Bainbridge, S., “Trade Uses in International sales of Goods: An Analysis of the 1964 and 1980 sales Conventions” (spring 1984) 24 (3) Virginia Journal of International Law.619. Before conducting a lengthy analysis, there are several basic rules regarding the risk of losses under the agreement. As noted above, Chapter IV of the agreement covers the risk of loss in sections 66 to 70 included. The sale of goods becomes complicated when a large quantity of goods is involved or when the value of the product is abnormally high. Complications also occur when selling goods for perishable goods, such as raw fruit, vegetables or meat. Furniture includes all types of personal property, including shares and shares, crops, grass and objects that are related to the land or that are part of the land that must be separated before the sale or as part of the sale contract.
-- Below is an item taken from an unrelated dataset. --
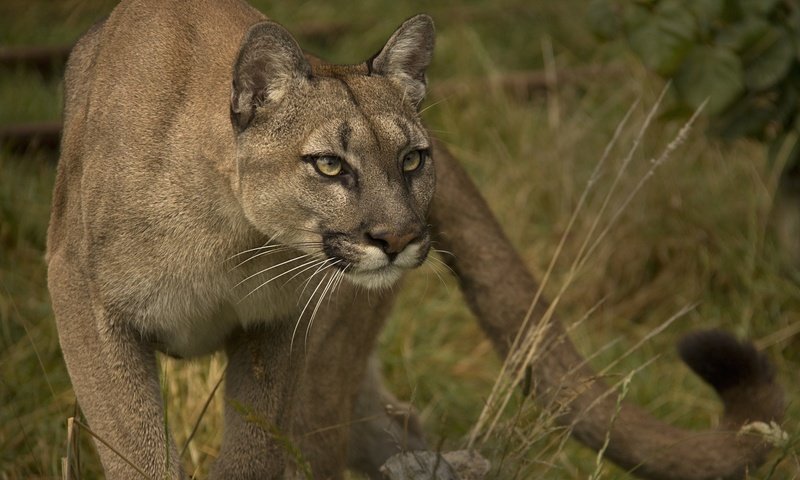 Обои взгляд, хищник, пума, дикая кошка, горный лев, кугуар, look, predator, puma, wild cat, mountain lion, cougar разрешение 2048x1375 Загрузить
It does not apply to achievable receivables and money.  The exchange or exchange of goods is not covered by this Act, as it is governed by the general provisions of the Indian Contract Act of 1872. A closer examination of Rule II, pursuant to Article 67, paragraph 1, second sentence, would be applicable.
The result is a risk of the goods being transferred to the first carrier when the goods are delivered. For practical purposes, this means in the shipping port, because the seller organizes and contracts for shipping the goods to the buyer. The first rule is guaranteed in section 66 of the ICSG, which essentially states that the buyer must meet his obligation to pay the price. However, if the seller has caused damage by deed or negligence, the buyer has the right not to make the payment. Although the provision seems, as if it is against the seller, in practice, sellers usually work with porters. Therefore, if the damage is caused by the carrier and the risk of loss is transferred to the buyer, the buyer may be faced with a payment obligation, even if the goods are delivered properly to the buyer. Suppose for the moment that the seller is contractually obliged to deliver the goods to the buyer. Suppose then that the seller uses his own trucks to deliver the goods to the buyer within another country. Can we assume that this sales contract is transportation? If so, will the risk pass from the seller to the buyer when he loads his own trucks? The answer to both situations is no.
Section 67 specifies that the transfer of risk is only made if the goods are handed over to a carrier. In the following pages, we will examine how the agreement manages risk transfer in different scenarios. This review requires a detailed analysis of the various provisions and a commentary. 5. The risk of loss in commercial transactions is not a new matter of commercial law. In MacCormack, G., “Alfenus Varus and the law of Risk in Sale” (1985) 101 Law.Q.